私は自他ともに認める語学学習の「達人」であり、教師でもあります。よって、言語交換のパートナーを持つという経験もかなり豊富にあります。学習中の言語を話す人と定期的に会って会話をし、文化交流を続けています。数十年にわたる実践と試行錯誤のおかげで、自分に合った言語交換の方法や、どのように相手と交流するのが良いかも分かってきました。
今回の記事では、私なりに発掘した、言語交換を最大活用するための秘訣をご紹介します。
秘訣①出し惜しみをしない
以前の私は、新しい言語だけを練習したくて、あえて英語やフランス語(この2つは私が不自由なく使える言語です)を話せないパートナーを探したものです。でも本来は、言語交換とは自分の言語と相手の言語を「交換」することなのです。よって、新しい言語の勉強にしかるべき時間を割きつつ、自分の言語を惜しみなく共有することには、きちんと利点があります!

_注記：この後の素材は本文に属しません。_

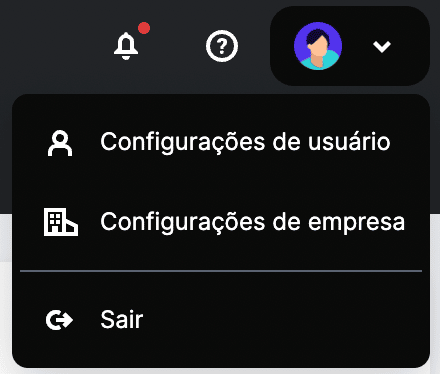 Aba do usuário para acessar detalhes individuais e da empresa.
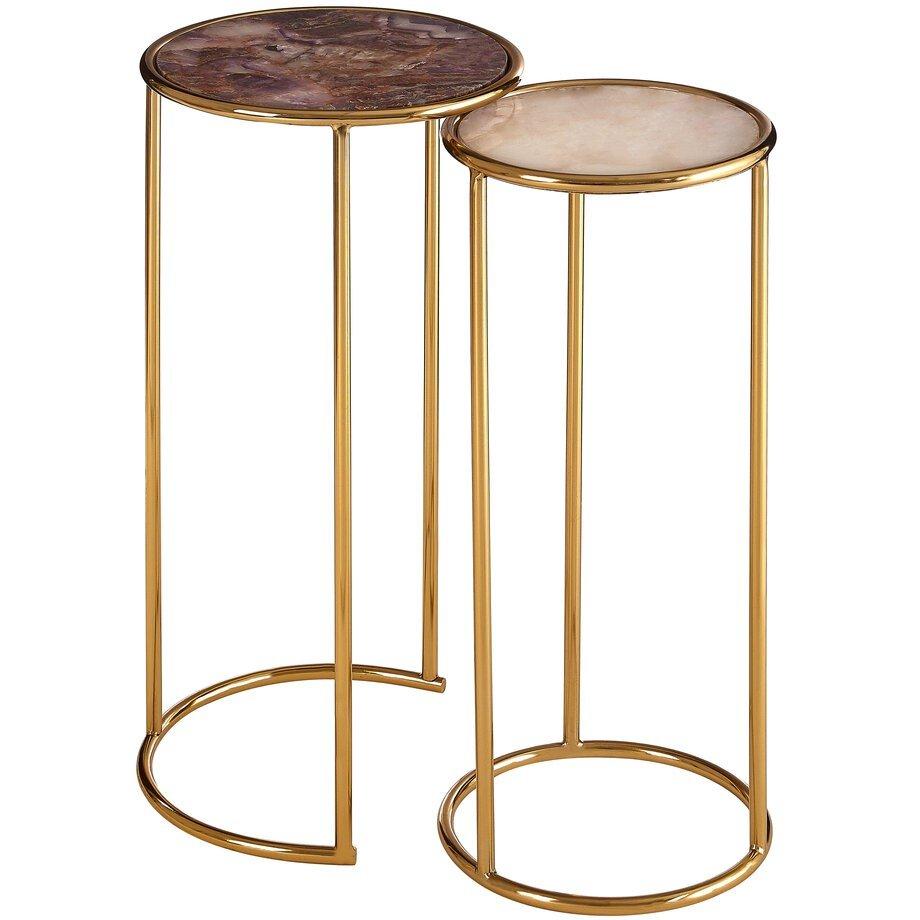 Gold - Fifty Five South - Vita Set Of 2 Nesting Side Tables - 3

この 「お互いに与えあう」言語交換は、効率重視のやり方と比べて、むしろ豊かなものになるはずです。なぜなら二人がお互いに教えてもらえる機会に感謝するとともに、自国の文化の大使、そして教師としての自覚が生まれるからです。努めて与えあうようにすることによって好循環が生まれ、あなたと学習パートナーの双方が、相手への投資を惜しまないようになります。時にはあなたが会話をリードし、自分の個性をアピールしてみたり、どんな言葉づかいでどんなトピックについて話すかを積極的に提案してみたりするのも良いでしょう。教えと学びのバランスがうまく取れたときにこそ、真の友情が生まれ、有意義な関係が築かれていくのです。
秘訣②繰り返す&記録する
私がよく使うテクニックのひとつは、言語交換中にボイスレコーダーを使うことです。会話の一部を記録し、後で勉強するための戦略です。だいたい、次のようにやっています。
1. 言語交換で会うときには毎回、学習中の言語で何か(たとえば昨日したことなど)について話す。次にパートナーに、自分の言語で同じ内容を繰り返してもらう。
2. 終了後、自宅で録音を聴き、「なるほど」と思った単語、言い回し、文章全体などをピックアップする。
3. ピックアップしたものをまず一人で練習し、その後、次の言語交換で使ってみる!
これは「何を言うべきか」だけでなく、「どのように 言うべきか」も同時に学ぶことができる、優れた方法です。私はこの方法で、砕けた口語表現、新しい語彙、そして「定番」の言い回しを仕入れています。
秘訣③具体的な質問を準備しておく
言語交換では、積極的に発言することがとても重要です。パートナーに会話の進行をリードしてもらう一方で、「あー、うー、言葉が出てこない!」と感じたら、遠慮せずに相手に助けを求めましょう。私が個人的に使っている方法をご紹介すると、何かを言おうとしているのに相手が理解してくれなかったときや、文章の途中で言葉に詰まってしまったときなどにはすかさず録音し、自分がどんな間違いをしたのかを記録に残すようにしています。
これらの録音の中から本当に学びたいもの、もっと理解したいものを1つ選び、言語交換のときに持って行きます。そしてパートナーに「こんな場合、どう言ったらいいの?」と聞き、答えを書き留め(または録音し)、家に帰ってから練習します。最後に仕上げのチャレンジとして、同じ週のうちに新しく仕入れた言い回しを使って会話してみます。この方法ならば自分の学習ニーズに合ったテーマを言語交換に取り入れることができるので、実際に必要とする知識が身に付き、自分なりの学習目標に向かって進歩していくことができます。
次の言語交換で試してみよう!
新しい言語の基本を学んだら、言語交換のパートナーと練習してみる。これは、学んだことを応用するための、楽しくてやりがいのある方法です。「達人の秘訣」を参考に、自分に合ったやり方をぜひ見つけてくださいね!